Allow running PS nodes on the spark driver #183

winston-zillow · 2017-12-05T20:04:51Z

The current behavior is to start the tensorflow PS nodes on an spark executor. This would mean wasting GPUs available on that node. These changes allow one to start the PS nodes in the driver while the workers are started on the spark executors

anfeng · 2017-12-15T18:09:17Z

@winston-zillow please address the conflict

leewyang · 2017-12-19T00:35:27Z

@winston-zillow Finally had time to take a more detailed look at this in my environments (Spark Standalone, Hadoop/YARN).

In my setup, I saw the following:

It looks like the Spark job isn't stopping cleanly (I'm assuming due to the PS thread).
I had to explicitly set --cluster_size equal to --num-executors plus one for the PS node.
I had to run a TensorFlow/CPU build on the driver, while running a TensorFlow/GPU build on the executors. Not sure if this is well supported by TF, but it worked.

Have you seen similar issues in your env? If not, can you describe your setup?

winston-zillow · 2018-01-11T01:40:36Z

@leewyang my spark job was able to completed and that TFonSpark joint successfully. I was on hadoop/YARN in EMR env and use the python codes to start the spark jobs. I haven't tried the spark submit. is that what you use? will try again to see if I have any issue.

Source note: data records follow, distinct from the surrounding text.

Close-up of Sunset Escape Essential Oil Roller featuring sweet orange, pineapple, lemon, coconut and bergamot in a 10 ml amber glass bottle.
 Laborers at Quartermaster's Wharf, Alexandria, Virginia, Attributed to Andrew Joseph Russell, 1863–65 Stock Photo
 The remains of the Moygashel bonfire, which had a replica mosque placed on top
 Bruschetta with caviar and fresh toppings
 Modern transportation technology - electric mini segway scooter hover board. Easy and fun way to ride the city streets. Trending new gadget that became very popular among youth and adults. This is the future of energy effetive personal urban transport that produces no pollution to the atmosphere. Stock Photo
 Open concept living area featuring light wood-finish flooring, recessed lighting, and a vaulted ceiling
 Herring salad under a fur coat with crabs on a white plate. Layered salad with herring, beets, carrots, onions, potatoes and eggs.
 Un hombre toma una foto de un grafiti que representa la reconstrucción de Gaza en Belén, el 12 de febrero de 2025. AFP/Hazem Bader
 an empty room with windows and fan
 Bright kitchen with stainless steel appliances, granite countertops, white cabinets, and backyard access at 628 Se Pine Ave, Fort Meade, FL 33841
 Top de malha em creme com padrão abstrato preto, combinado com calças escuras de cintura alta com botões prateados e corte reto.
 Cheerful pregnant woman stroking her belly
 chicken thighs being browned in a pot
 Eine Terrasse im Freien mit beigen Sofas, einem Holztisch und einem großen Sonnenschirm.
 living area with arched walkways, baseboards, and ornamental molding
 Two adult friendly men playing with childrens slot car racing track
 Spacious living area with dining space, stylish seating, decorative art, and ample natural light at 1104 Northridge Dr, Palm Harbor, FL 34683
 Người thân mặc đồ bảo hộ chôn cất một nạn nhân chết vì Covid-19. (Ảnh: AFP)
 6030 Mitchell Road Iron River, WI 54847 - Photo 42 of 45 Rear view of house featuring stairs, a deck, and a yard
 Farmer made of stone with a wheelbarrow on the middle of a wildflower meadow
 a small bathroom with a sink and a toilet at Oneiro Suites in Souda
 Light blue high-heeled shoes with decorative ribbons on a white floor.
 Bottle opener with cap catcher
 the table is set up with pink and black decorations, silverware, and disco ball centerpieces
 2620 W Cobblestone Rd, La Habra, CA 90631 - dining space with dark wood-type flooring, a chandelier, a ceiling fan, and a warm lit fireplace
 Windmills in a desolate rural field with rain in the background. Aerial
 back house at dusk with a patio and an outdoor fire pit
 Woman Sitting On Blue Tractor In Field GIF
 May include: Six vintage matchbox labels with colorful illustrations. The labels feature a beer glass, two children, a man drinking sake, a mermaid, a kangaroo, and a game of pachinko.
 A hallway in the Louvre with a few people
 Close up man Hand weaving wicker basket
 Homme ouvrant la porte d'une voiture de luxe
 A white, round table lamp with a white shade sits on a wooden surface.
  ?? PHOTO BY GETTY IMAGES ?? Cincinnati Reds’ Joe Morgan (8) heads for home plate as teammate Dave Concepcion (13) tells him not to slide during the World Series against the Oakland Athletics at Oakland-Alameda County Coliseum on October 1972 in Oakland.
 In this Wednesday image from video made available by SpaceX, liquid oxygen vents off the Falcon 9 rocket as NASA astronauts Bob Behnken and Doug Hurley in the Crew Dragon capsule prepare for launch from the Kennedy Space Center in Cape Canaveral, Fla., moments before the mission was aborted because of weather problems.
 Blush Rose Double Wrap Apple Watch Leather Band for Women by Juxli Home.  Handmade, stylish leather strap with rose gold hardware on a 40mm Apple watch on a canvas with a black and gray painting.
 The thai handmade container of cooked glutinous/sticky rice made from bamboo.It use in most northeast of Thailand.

leewyang · 2018-01-11T16:55:34Z

Yes, we use a dedicated Hadoop/YARN cluster with spark-submit.

# Conflicts: # examples/mnist/spark/mnist_spark.py # tensorflowonspark/TFCluster.py # tensorflowonspark/TFSparkNode.py # tensorflowonspark/pipeline.py

winston-zillow · 2018-01-19T00:34:56Z

@leewyang I fixed the problem of the driver node not terminating. Also this seems to work only in TENSORFLOW mode, so I put in a check.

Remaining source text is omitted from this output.